For significant earners or established businesses that could usefully hire locally, the tax benefits can still be substantial. If you are a small startup looking to grow, sharing your plans for hiring during the three-year period the government is thinking about should get you past having to satisfy the employment requirement on day one. Especially if those hiring plans include the local labor force, which has a supply of not just lowskilled workers, but also capable, English-speaking professionals in diverse fields. But those projections must be made in good faith, and it would be a good idea to include information on your financing to back up your projections.
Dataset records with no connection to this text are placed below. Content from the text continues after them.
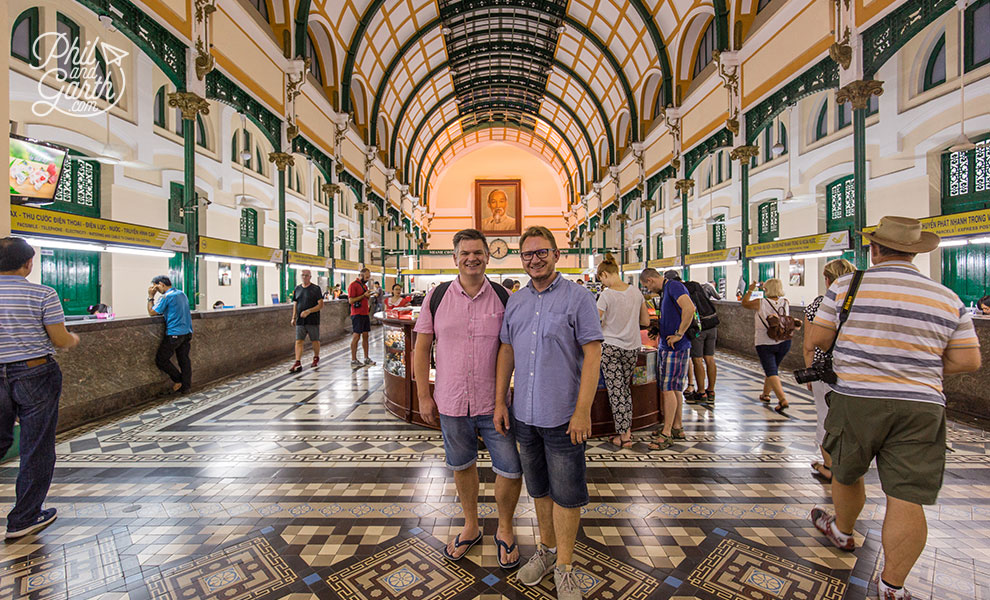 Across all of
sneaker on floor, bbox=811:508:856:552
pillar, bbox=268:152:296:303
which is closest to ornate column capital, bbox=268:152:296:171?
pillar, bbox=268:152:296:303

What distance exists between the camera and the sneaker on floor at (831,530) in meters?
2.18

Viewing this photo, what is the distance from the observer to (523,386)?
1835mm

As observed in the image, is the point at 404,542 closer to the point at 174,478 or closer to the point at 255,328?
the point at 174,478

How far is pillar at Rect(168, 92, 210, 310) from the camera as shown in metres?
6.62

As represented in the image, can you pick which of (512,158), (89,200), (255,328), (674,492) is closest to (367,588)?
(674,492)

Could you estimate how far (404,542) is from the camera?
2324 millimetres

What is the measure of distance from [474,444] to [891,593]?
1906 millimetres

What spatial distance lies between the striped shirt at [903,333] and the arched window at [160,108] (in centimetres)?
1164

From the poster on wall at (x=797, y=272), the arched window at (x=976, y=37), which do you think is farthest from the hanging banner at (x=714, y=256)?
the arched window at (x=976, y=37)

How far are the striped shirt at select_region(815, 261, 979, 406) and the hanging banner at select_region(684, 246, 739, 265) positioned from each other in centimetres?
883

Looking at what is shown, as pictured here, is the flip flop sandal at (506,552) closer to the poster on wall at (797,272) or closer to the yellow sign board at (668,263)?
the poster on wall at (797,272)

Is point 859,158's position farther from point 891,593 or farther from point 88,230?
point 88,230

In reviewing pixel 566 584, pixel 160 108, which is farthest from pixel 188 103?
pixel 566 584

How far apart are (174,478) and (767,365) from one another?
18.5 feet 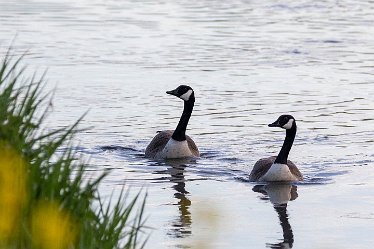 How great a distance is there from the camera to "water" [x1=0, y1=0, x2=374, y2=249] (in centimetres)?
1213

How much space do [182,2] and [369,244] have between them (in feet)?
89.4

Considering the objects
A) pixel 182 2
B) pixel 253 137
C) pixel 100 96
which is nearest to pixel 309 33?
pixel 182 2

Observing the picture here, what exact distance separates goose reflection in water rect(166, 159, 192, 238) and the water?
0.08 ft

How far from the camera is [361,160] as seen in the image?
16078 mm

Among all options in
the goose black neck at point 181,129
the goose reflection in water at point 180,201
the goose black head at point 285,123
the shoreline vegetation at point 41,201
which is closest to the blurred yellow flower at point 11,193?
the shoreline vegetation at point 41,201

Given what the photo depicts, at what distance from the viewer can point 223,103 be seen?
20.1 m

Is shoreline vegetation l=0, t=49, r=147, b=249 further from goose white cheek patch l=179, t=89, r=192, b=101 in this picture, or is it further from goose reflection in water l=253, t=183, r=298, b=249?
goose white cheek patch l=179, t=89, r=192, b=101

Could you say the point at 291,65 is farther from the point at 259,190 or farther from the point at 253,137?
the point at 259,190

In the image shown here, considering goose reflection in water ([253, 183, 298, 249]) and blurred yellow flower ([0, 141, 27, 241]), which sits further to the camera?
goose reflection in water ([253, 183, 298, 249])

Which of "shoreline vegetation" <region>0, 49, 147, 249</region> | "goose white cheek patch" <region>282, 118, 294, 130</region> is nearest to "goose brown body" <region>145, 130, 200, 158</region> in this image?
"goose white cheek patch" <region>282, 118, 294, 130</region>

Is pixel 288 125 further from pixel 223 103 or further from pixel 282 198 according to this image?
pixel 223 103

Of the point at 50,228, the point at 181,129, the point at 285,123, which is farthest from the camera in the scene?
the point at 181,129

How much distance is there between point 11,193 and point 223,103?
15.1 m

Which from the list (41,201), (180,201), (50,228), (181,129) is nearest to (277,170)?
(180,201) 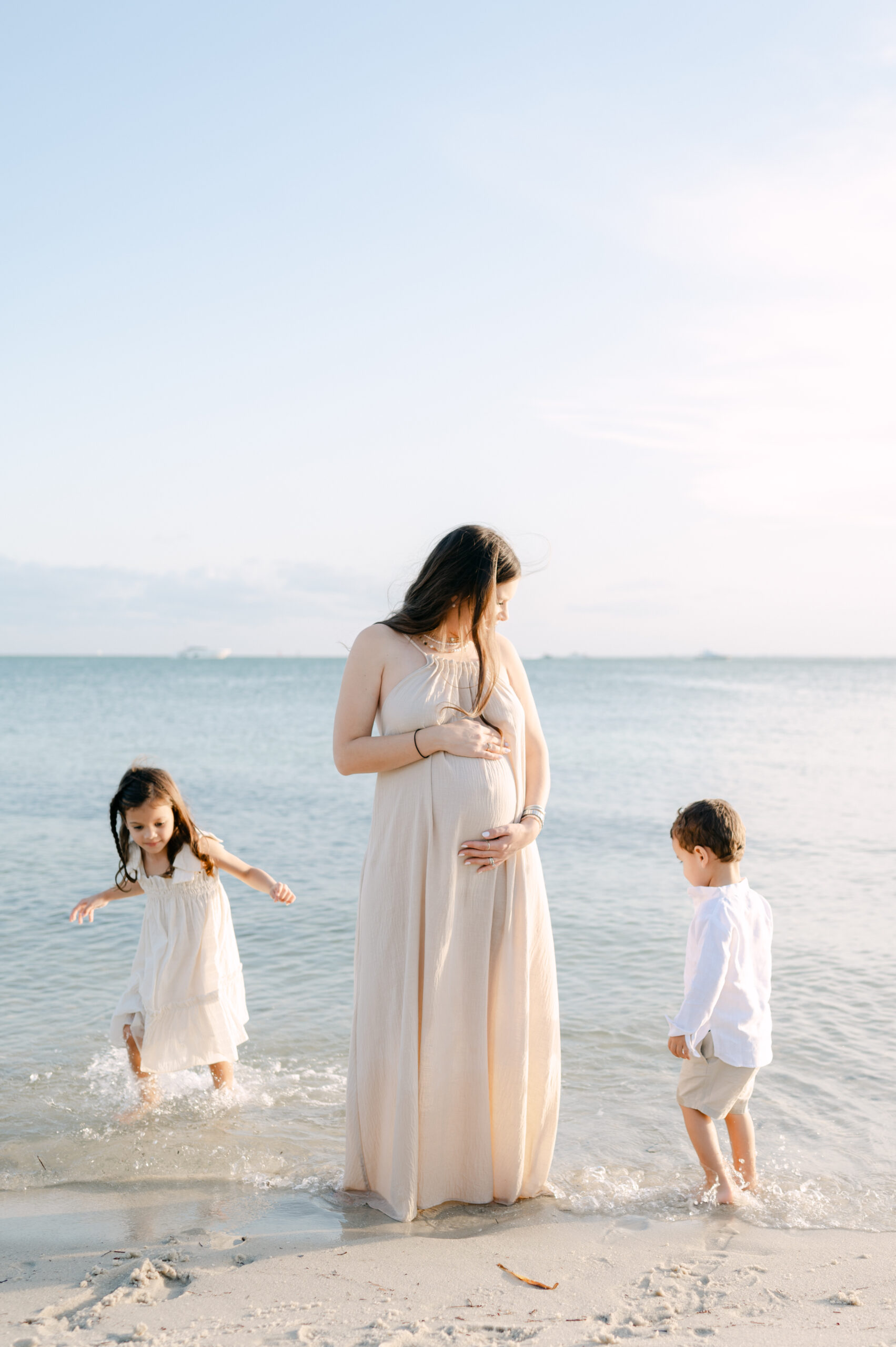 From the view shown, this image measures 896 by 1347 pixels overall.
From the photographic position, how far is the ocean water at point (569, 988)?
4.30 metres

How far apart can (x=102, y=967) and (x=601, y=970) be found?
3609 millimetres

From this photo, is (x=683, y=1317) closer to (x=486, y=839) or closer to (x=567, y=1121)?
(x=486, y=839)

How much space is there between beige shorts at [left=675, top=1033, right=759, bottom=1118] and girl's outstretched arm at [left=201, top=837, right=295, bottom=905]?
1.93 meters

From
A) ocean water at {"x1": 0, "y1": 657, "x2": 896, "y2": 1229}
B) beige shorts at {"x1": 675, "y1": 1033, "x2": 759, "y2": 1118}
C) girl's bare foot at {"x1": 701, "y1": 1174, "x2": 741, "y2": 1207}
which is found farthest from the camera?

What about a sole proprietorship? Given the three-employee rule, your prospects are limited but not quite nil. We’ve inquired about the possibilities for an individual whose work has no need for local assistance, such as a speaker, writer, or highly specialized consultant. The OITE will consider an application from such a person, but so far it has provided no encouragement or guidance.
Decisions by the Puerto Rican government on whether to grant Act 20 benefits generally take three or four months, depending on the size and complexity of the business proposed.
The Puerto Rican government will also conduct an annual review to determine whether your business is meeting its growth targets and whether it is still “in the best interests of Puerto Rico’.’ While the Act 20 benefits are enshrined in a legally binding private decree, the decree provides for the Puerto Rican authorities to terminate the arrangement prospectively (which most likely would be as of the start of the following year). Our reading is that the Puerto Rican government would be reluctant to revoke the Act 20 status of a legitimate business that is employing people who otherwise might be jobless. Nonetheless, a termination would be a serious blow for someone who has gone to the trouble and expense of relocating his business to Puerto Rico, so it is a risk to reflect on before moving.
RELOCATING EXISTING SERVICE BUSINESS TO PUERTO RICO
The tidiest approach to moving an existing business to Puerto Rico is to take the whole thing with you, including all the employees who like sunshine. That will leave you with no doubt that the services you generate in Puerto Rico are generated there in their entirety, so that the income is not subject to US tax.
Second best (for tax clarity) is to relocate the production of distinct services to Puerto Rico and leave behind, in a separate US company, any activities that are not practical to move. That would mean billing clients separately for services from the US company and for services from the Puerto Rican company.
The messiest strategy for a partial move is for the US company to buy or sell services from or to the Puerto Rican company. It’s messy because it takes you into the highly technical tax rules for “transfer pricing;’ and highly technical tax rules make for highly expensive legal bills. This approach is practical only for a large business.
ACT 20 CONCLUSIONS
Act 20 offers enormous tax benefits for owners of service-related business that relocate to Puerto Rico:
- A top 4% withholding tax rate on earning from exported services for 20 years
- No personal income tax on corporate distributions to Puerto Rican residents
- For certain businesses, a 100% property tax exemption for the first five years and a 90% exemption thereafter until expiration of Act 20 decree.